The University of the Highlands and Islands Archaeology Institute have teamed up with Yarrows Heritage Trust to commence excavation at the Burn of Swartigill on 24th April.
Located in Caithness, the site was excavated on a small scale in 2015 where the aims were to explore anomalies from a geophysical survey undertaken by Orkney Research Centre for Archaeology (ORCA).
This survey had pointed to the possible presence of a substantial rectangular building, perhaps a post-broch Iron Age period ‘Wag’ – a form of building well-known in Caithness and Sutherland.
A second objective aimed to establish the character of archaeological remains discovered eroding from the side of the Burn of Swartigill.
During the 2015 fieldwork, a substantial mass of stonework and well-preserved archaeological features were unearthed and it was suggested that the linear wall lines picked up in the geophysics survey may reflect a long building with its long axis at right-angles to the stream.
A possible drain feature was also identified indicating an element of water management over and above that required for a purely domestic use.

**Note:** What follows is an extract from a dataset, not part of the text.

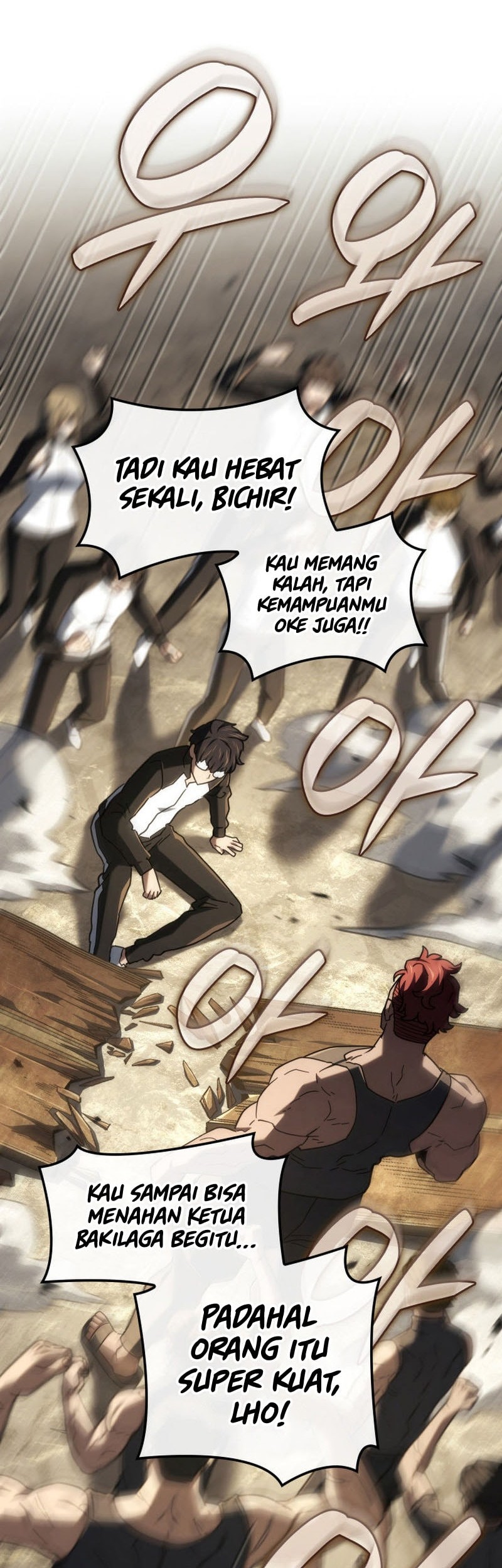 Revenge of the Iron-Blooded Sword Hound Chapter 116 Gambar 59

Samples taken from the site may even be able to shed light on the role and function of the site.
It was also established that previously recorded massive blocks of stone that were eroding out of the stream bank were also parts of wall lines and wall faces. Well-made and decorated Iron Age pottery was also recovered in addition to a quern rubber and hammer stone – the latter from the drain feature.

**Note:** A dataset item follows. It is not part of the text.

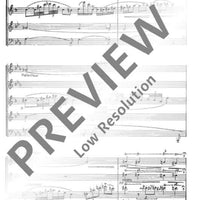 L'heure du berger - Score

However the most surprising find was a copper alloy triangular fragment with a possible setting for an enamel or glass paste inlay. This would appear to have been a relatively valuable item from something like a brooch and perhaps hints that a certain social status was accorded to the Swartigill site during the Iron Age.
Interestingly, radiocarbon dates suggest that the site also was occupied in the period when brochs were evolving in the Northern Scottish Iron Age. It can be tentatively suggested that Swartigill represents an early Iron Age site, occupied before and during the establishment of brochs in the wider landscape.
The unusual mix of well-built stone features may imply that the site had some function connected to hydrology, perhaps in an industrial/craft capacity and the site may ultimately allow us to reflect on a wide range of types of place and activity associated with the Caithness Iron Age.
The 2017 excavation will give us the opportunity to further explore the social and historical conditions that were present at an important moment of change during the Iron Age period in Caithness.